I am glad this game comes with card holders that allow me to look at all the cards without having to put them on the table. In a solo that would be fine of course but not so much when playing with others.

Thoughts:

  • I liked the book series and find myself in need of rereading.
  • I like the combo-nature of the card puzzle
  • As with all games with huge card stacks, there is a luck element in play (joker colors grey and orange help with that one)
  • I can already see how my partner is going to get stuck on this one. There is a lot of text to read and much possibility for optimization and hence AP.
  • the game state changes an awful lot between turns (the automa simulates that by doing two turns for each of yours) and longterm strategy becomes much harder when it is very likely a card you want is no longer there.
  • while very beautifully designed, the gameplay itself is not exactly evoking the theme (for me). I don’t mind but a direct comparison with Rocketmen makes the latter way more thematic driving home the huge difference between pretty art and thematic gameplay. (is the art then evoking the setting? this it does very much)
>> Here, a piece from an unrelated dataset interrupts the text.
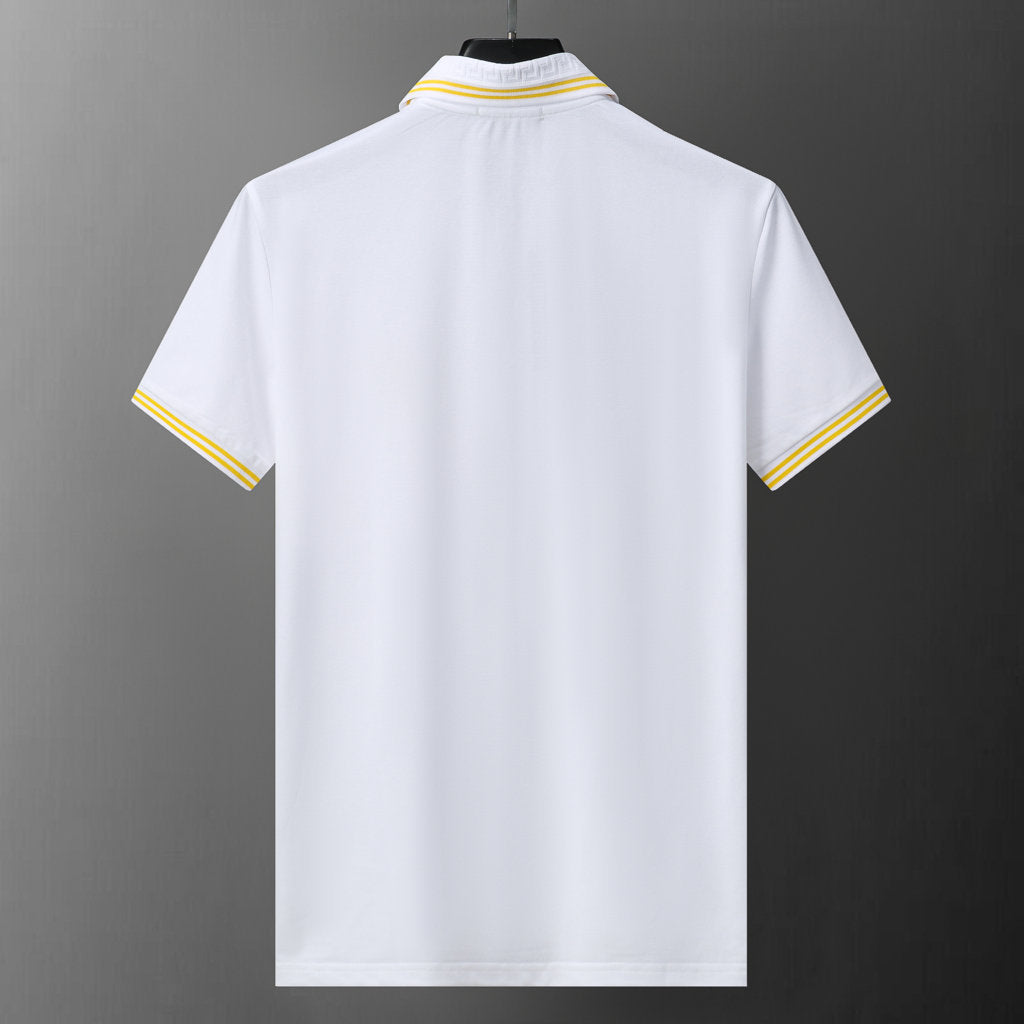 V*RSC Polo Shirt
For now an 8/10 but that goes with already liking the setting from the books.

2 Likes

I quite liked Red Rising.

I think the thing I felt was happening was that you get to a point where you look for cards because of what they are (red, blue, first letter of name) rather than what they do so the first turns are quite slow but then they ramp up in pace as you start looking for things to make your deck work.

2 Likes

I found it extremely difficult to get additional cards in hand. It took me several turns to set up a state where I was able to draw two cards instead of just 1. My first game ended with 5 cards in hand.
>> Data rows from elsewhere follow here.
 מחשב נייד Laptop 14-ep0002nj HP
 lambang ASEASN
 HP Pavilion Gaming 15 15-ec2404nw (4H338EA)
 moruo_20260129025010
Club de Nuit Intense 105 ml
In the second game I was already much better determining what was going to work.
I find grey and orange quite useful as they provide a named card or a color to fill out the hand but on the other hand keeping in mind which card I am using for what bonus…

I can’t wait to play again.

2 Likes

Blitzball League is not going well for the elves. Had 2 close loses where the opponent had a BS ability card to pull into the lead and I didn’t quite have the needed actions/cards to claw back a lead. One I could’ve forced a draw, but I wanted to risk it for a chance to take the lead. Didn’t quite work out. Then one confident win against the dark elves. A few challenges and early TDs were enough to keep a good lead. Almost had an overwhelming victory, but rolled a shove when all I wanted was a tackle.

6 out of 8 games in the playoffs. Score of 8. Need to win my last two games to make it to semis I think.

1 Like

My partner and I played a quick game of Junk Art last night, going Paris>Monaco>Hometown.
I had to push pretty hard in the Hometown game if I expected to win, and I had a pretty good shot until I collapsed the entire thing at once, earning all 5 of my fallen pieces and ending the game. Hubris? Hubris. Final tally was (my) 11 fans to (her) 14.

This morning I posted my first lap time on the Sweden track in Rallyman GT… and I’m gonna have another go at it. :sweat_smile: Lap time: 7m3s.

Not counting the amount of time I spent off the track, I did pretty well. My luck was weird. I’d take obvious opportunities to go flat out and fail catastrophically. But then, on the back foot and forced to be dangerous, I was nailing massive dice chains and raking in the tokens. 6/11 turns logged in 6th gear… But 4 spent in 00/0. :grimacing: (For reference that’s 6 minutes spent in park.)

[EDIT] I just can’t help myself (probably why I love it so much). 2nd attempt at 5m31s, with 3 minutes in the grass, and a back half with one fewer brake and coast die. It’s these damned mid-rear cars, is all. [This was in 11 turns again.]

[DOUBLE EDIT] Redemption. And the power of restraint. I finished a full turn shorter (10 taken) and, importantly, stayed on the damn road. With 16 tokens I clocked a 2m19s time.

5 Likes

Is it weird to say that I wish Red Rising wasn’t published by Stonemaier? The gameplay looks really interesting, but everything I’ve seen about it makes it look like a small box card game in an extremely overproduced box, which is an instant turn-off for me.

3 Likes

It’s heavily inspired by Fantasy Realms.